California has a long history of innovation and entrepreneurship, so it's no surprise that millions of small businesses call it home — 4.2 million of them, according to the U.S. Small Business Administration. Together, they account for a staggering 99.8% of California businesses.
So if you're looking to start a business in the Golden State, you're not the only one. And if you want to set it up for success, these seven steps can help.
1. Validate Your Business Idea
When forming your initial business ideas, be sure to consider your:
Personal interests and passions
Amount of available time
Skills and areas of expertise
Preferred working environment (i.e., working from home or in the field)
Financial resources (more on that later)
By doing so, you can come up with ideas that are well-suited to your needs. For instance, if you love working with animals, have free time during the day, and prefer to work from home, you might consider starting a doggie daycare business at your house. (And with California's pet grooming and boarding industry expected to grow to over $1.5 billion by 2027 according to IBISWorld, it certainly wouldn't be a bad idea.)
But before committing to a business idea, it's crucial to validate it. That means determining whether people are actually willing to pay for the products or services you plan on selling. To do so:
Clearly identify your target customers, such as by creating a buyer persona.
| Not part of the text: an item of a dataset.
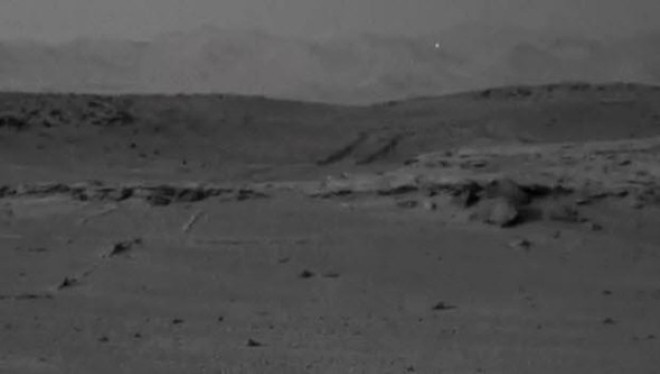 NASA'nn yaynlad bir baka fotoraf da tartmalara neden oldu. Uzun sredir Mars'ta bulunan Curiosity isimli aracn ektii grntlerde UFO olduu dnlen beyaz bir nokta dikkat ekiyor. Peki gerekten de bu mmkn m?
Consider whether your customers actively need or want your products or services.
Find out whether similar businesses exist and whether they've succeeded or failed.
Research overall industry growth, both on a national level and in California specifically.
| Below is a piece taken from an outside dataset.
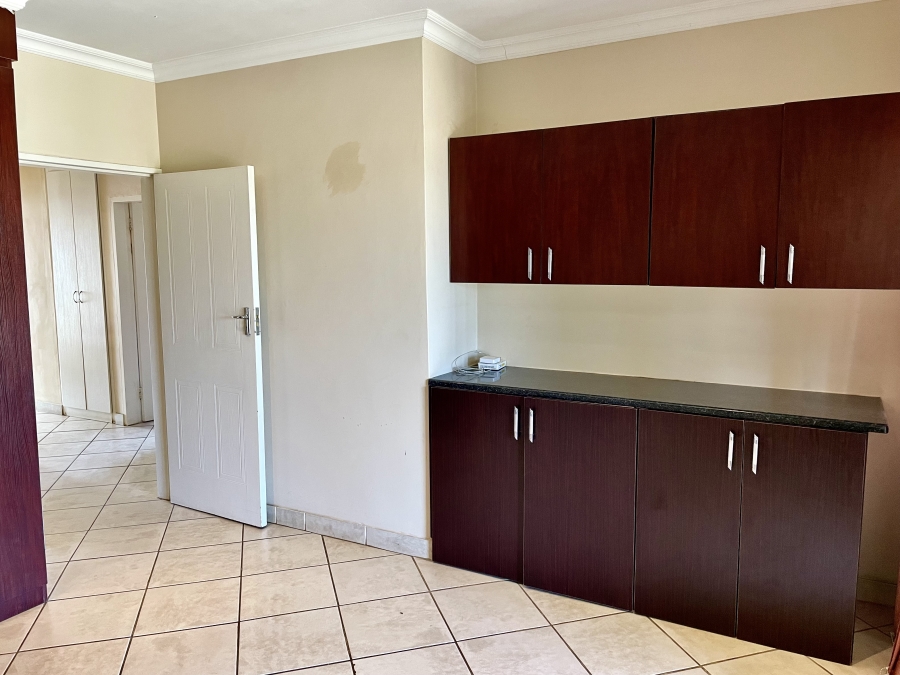 To Let 4 Bedroom Property for Rent in Moreleta Park Gauteng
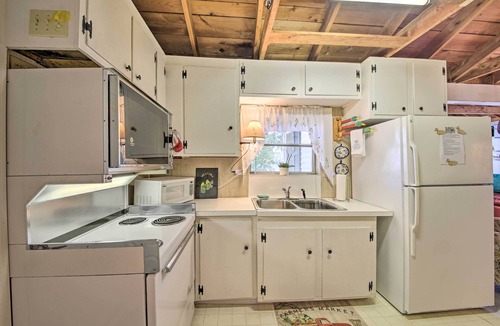 Union Cottage | Quiet & Lovely Lakefront Cottage for Families!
Talk to some of your potential customers, either in person or online, and ask them if they'd be interested in your products or services.
Even though validating your idea may take some time, it'll be well worth the effort. If you're able to validate your idea successfully, you can move forward with confidence, knowing you'll likely have paying customers. But if you aren't able to validate, you can move on to your next idea without having lost any undue time or resources.
2. Name Your Business
Every business needs a name by which its customers can recognize it, and yours is no exception.
Originality: To avoid confusion and potential copyright issues, strive to pick an original name not already in use by California businesses in your field. For help determining if your preferred business name is already taken or not, use our Business Name Search Tool.
Trademark potential: If you plan on trademarking your business name in the future, try to pick one that will make for a strong trademark. According to the U.S. Patent and Trademark Office (USPTO), the strongest trademarks are those that are fanciful and arbitrary (i.e., Apple), while the weakest trademarks are descriptive and generic (i.e., Bob's Donut Shop). However, weaker trademarks can be easier for customers to remember, so put some thought into striking a balance that's right for you.
Spelling and pronunciation: To ensure customers can easily find your business amongst the millions of other California companies, choose a business name that's easy to spell and pronounce.
Logo design: Remember that your business's name will be displayed right alongside its logo and can even be incorporated into it. So, try thinking of a name that will mesh well with your logo's design and size.
Online availability: If you want your business to be discoverable by as many customers as possible, then you'll need to give it a website and build a strong online presence. So before locking in a business name, make sure the appropriate domain name and social media handles are available.
You already performed some initial research by validating your business idea, but now it's time to take a close look at your market and create a comprehensive business plan.
To perform in-depth market research, evaluate:
The number of potential customers in your area of operation
Your potential customers' spending power
Your potential customers' locations and your business's ability to reach them
The number of other businesses offering similar products and services in the same area of operation
The amount of money customers tend to spend on similar products and services
For detailed tips on conducting market research and analyzing your competitors, the U.S. Small Business Administration (SBA) has a helpful guide.
Once you have a solid understanding of your market and competition, you can move on to creating a business plan. While not strictly necessary, taking the time to write a thoughtful business plan can help you define your goals, prepare for the future, and anticipate challenges before they arise.
What’s in a Business Plan?
To make your business plan as thorough and complete as possible, be sure to include the following core elements:
Executive summary: After you've finished writing the rest of your business plan, summarize its most important points here.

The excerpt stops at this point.